As I approach the date shown on my one way ticket to another land, I find myself surprisingly unsentimental at the prospect.
Each time I make a certain journey, it crosses my mind that it might be the last time I pass that way for quite a while, so I mentally store it away for future recall.
There are a few things that I will not miss – joshing with fellow travellers on trains and tubes, for example. There aren’t any of those where I’m headed.
No more of these for a while
I also won’t miss the predictable stacking on the M25 around Heathrow, nor the uncertain lane priorities on the Denham roundabout, much less the tedious amount of time it takes to get from anywhere in London to anywhere else in London.
There are other things whose absence will create an occasional ache – wandering through an English wood, in and out of dappled sunlight, for example. Trees of more than my height are notably absent at the 64th parallel and thereabouts.
A walk in the woods – no more of that either
I will also miss the gorgeous undulations of Salisbury Plain, spread before me on journeys up and down the A303, along with the atmosphere at Home Park on a matchday that calls me there so often.
Salisbury Plain, adjacent to The Shire
But as I make my way from one farewell event to another, the rapidly approaching date of departure jostles for primacy in my mind, barging sentimentality aside, along with the pressing priority of the distillation of my life into two and half bags. It’s actually not been too hard to do.
A previous trip to Iceland saw me separated from my luggage for a few days and it was then that I discovered just how little a person actually needs, compared to the vast amount of bits and pieces that we allow ourselves to be weighed down with in normal circumstances.
Reducing a flat full of books, films, CD’s, pictures and other ephemera to a few cardboard boxes to be stored away, along with two bags of the bare essentials to begin anew elsewhere has been a liberating and enlightening process.
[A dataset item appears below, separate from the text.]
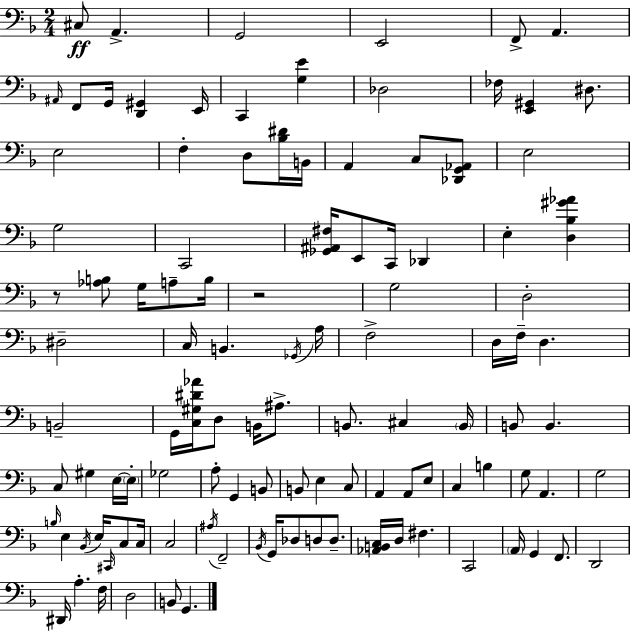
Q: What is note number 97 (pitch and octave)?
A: B2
It’s been a Spring Clean and then some.
At the end, it will really only be the people that I miss – and this little portal will be the way I can keep you all closer to hand, even at a distance of a thousand miles.
PS – I also won’t miss hearing the word “Brexit” every day.
I bet you’re going to miss the cinema knowing your love of movies. Or do they show movies in English with Danish subtitles? Or are you getting a mega sub to Netflix?